By analyzing existing cross correlation between Growthpoint Properties and Resilient Property Income, you can compare the effects of market volatilities on Growthpoint Properties and Resilient Property and check how they will diversify away market risk if combined in the same portfolio for a given time horizon. You can also utilize pair trading strategies of matching a long position in Growthpoint Properties with a short position of Resilient Property. Check out your portfolio center. Please also check ongoing floating volatility patterns of Growthpoint Properties and Resilient Property.

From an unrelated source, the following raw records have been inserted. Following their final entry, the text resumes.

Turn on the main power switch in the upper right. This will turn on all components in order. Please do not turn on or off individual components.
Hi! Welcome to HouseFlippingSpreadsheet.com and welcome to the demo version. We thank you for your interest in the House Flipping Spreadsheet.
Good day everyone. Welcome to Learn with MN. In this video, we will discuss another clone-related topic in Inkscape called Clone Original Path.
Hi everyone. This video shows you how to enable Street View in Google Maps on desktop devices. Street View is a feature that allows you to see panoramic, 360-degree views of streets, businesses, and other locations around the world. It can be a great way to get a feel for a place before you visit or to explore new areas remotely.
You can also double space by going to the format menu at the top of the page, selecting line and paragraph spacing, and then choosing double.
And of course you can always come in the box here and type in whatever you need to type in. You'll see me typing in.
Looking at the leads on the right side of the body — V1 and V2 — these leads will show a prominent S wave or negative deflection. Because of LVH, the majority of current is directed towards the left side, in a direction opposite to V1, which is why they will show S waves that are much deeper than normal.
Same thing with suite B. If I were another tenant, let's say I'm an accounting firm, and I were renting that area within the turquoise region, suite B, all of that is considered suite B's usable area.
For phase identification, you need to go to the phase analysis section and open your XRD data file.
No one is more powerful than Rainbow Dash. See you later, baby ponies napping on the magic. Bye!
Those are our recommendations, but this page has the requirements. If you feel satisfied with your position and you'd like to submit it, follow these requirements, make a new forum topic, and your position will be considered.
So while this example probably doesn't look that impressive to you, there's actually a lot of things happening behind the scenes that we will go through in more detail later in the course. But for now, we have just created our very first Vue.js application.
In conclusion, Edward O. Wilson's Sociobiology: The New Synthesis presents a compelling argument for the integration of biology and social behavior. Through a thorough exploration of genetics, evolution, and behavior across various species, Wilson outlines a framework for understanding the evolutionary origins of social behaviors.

Diversification Opportunities for Growthpoint Properties and Resilient Property

0.48
  Correlation Coefficient

Very weak diversification

The 3 months correlation between Growthpoint and Resilient is 0.48. Overlapping area represents the amount of risk that can be diversified away by holding Growthpoint Properties and Resilient Property Income in the same portfolio, assuming nothing else is changed. The correlation between historical prices or returns on Resilient Property Income and Growthpoint Properties is a relative statistical measure of the degree to which these equity instruments tend to move together. The correlation coefficient measures the extent to which returns on Growthpoint Properties are associated (or correlated) with Resilient Property. Values of the correlation coefficient range from -1 to +1, where. The correlation of zero (0) is possible when the price movement of Resilient Property Income has no effect on the direction of Growthpoint Properties i.e., Growthpoint Properties and Resilient Property go up and down completely randomly.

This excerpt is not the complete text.